Actress Jane Seymour's Favorite Shows & Movies Featuring Herself!

Actress Jane Seymour's Favorite Shows & Movies Featuring Herself!

By John Griffiths | Photo Courtesy Netflix  

Jane Seymour is our generation’s Elizabeth Taylor—and more. Like La Liz, Jane—forever memorable for her turn alongside Christopher Reeve in the classic tearjerker Somewhere in Time—was born in February just outside London. She’s also a romantic (Jane: 4 ex husbands, Liz: 8) and idealist (Liz was an AIDS activist, Jane speaks out on women’s health). And, like Taylor, La Jane has a flair for glamour, so much so that she too has a diamond named for her. Actually, it’s an entire ring—a 2-carat stone in a platinum and rose-gold setting, fashioned by a smitten Russian mining company a few years ago.
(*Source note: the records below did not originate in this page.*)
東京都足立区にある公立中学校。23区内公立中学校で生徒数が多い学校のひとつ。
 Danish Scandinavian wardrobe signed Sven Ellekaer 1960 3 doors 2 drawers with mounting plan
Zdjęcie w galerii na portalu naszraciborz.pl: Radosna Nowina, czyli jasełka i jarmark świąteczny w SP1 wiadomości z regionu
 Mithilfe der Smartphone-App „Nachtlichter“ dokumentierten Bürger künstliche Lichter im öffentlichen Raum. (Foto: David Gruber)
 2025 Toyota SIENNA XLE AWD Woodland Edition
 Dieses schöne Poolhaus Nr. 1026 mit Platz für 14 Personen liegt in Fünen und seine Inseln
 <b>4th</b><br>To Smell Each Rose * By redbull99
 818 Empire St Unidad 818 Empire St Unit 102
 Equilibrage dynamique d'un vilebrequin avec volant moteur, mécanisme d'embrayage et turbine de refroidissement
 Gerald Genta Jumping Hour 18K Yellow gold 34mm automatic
Like any true icon, Seymour—whose right eye is brown, the left green—loves to keep ‘em guessing. “Absolutely,” she says with palpable delight from her Tudor-style manse in Malibu. She may be a grandmother to six who paints watercolors of flowers and friends, and who writes children’s books and self-help bestsellers like 2017’s The Road Ahead: Inspirational Stories of Open Hearts and Minds. But how many nanas have been awarded the Order of the British Empire medal by Queen Elizabeth II (in 2005) and also posed for Playboy (last year at a gorgeous 67)?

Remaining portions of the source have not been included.